Jonathan Mark Kenoyer, Professor in Anthropology , teaches archaeology and ancient technology at the University of Wisconsin, Madison. He has taught at Madison since 1985 and is currently Director for the Center for South Asia as well as Director of SASLI.

His main focus is on the Indus Valley Civilization and he has worked in Pakistan and India for the past 26 years. Dr. Kenoyer was born in India and lived there until he came to the U.S. for college. He has a BA in Anthropology from the University of California at Berkeley and completed his MA and PhD (1983) in South Asian Archaeology from the same university. He speaks several South Asian languages and is fluent in Urdu/Hindi, which is the major language used in Pakistan and northern India.

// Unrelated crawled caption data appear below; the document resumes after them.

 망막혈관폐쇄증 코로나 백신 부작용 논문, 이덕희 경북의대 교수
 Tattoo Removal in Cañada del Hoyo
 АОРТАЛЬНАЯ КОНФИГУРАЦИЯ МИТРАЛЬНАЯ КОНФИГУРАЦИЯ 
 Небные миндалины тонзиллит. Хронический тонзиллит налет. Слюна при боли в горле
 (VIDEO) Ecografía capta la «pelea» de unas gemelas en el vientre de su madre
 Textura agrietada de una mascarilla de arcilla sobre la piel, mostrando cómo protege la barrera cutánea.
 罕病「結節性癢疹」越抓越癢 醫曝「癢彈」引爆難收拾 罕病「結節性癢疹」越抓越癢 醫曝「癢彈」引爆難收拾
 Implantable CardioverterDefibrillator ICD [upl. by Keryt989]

He has conducted archaeological research and excavations at both Mohenjo-daro and Harappa, two of the most important early sites in Pakistan, and has also worked in western and central India. He has a special interest in ancient technologies and crafts, socio-economic and political organization as well as religion. These interests have led him to study a broad range of cultural periods in South Asia as well as other regions of the world.

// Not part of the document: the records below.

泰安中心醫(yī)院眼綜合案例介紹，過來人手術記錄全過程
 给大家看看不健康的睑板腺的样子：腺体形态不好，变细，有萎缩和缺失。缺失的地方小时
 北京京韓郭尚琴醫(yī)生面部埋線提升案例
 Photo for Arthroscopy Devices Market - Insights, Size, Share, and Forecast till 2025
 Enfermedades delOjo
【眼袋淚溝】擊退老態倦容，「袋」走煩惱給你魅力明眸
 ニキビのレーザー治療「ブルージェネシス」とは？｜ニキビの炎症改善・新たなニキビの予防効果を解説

Since 1986 he has been the Co-director and Field Director of the Harappa Archaeological Research Project in Pakistan, a long term study of urban development in the Indus Valley. He was Guest Curator at the Elvehjem Museum of Art, Madison for the exhibition on the Ancient Cities of the Indus Valley Civilization, which toured the U.S. in 1998-1999. His work was most recently featured in a special 2005 issue of Scientific American and on the website http://www.harappa.com.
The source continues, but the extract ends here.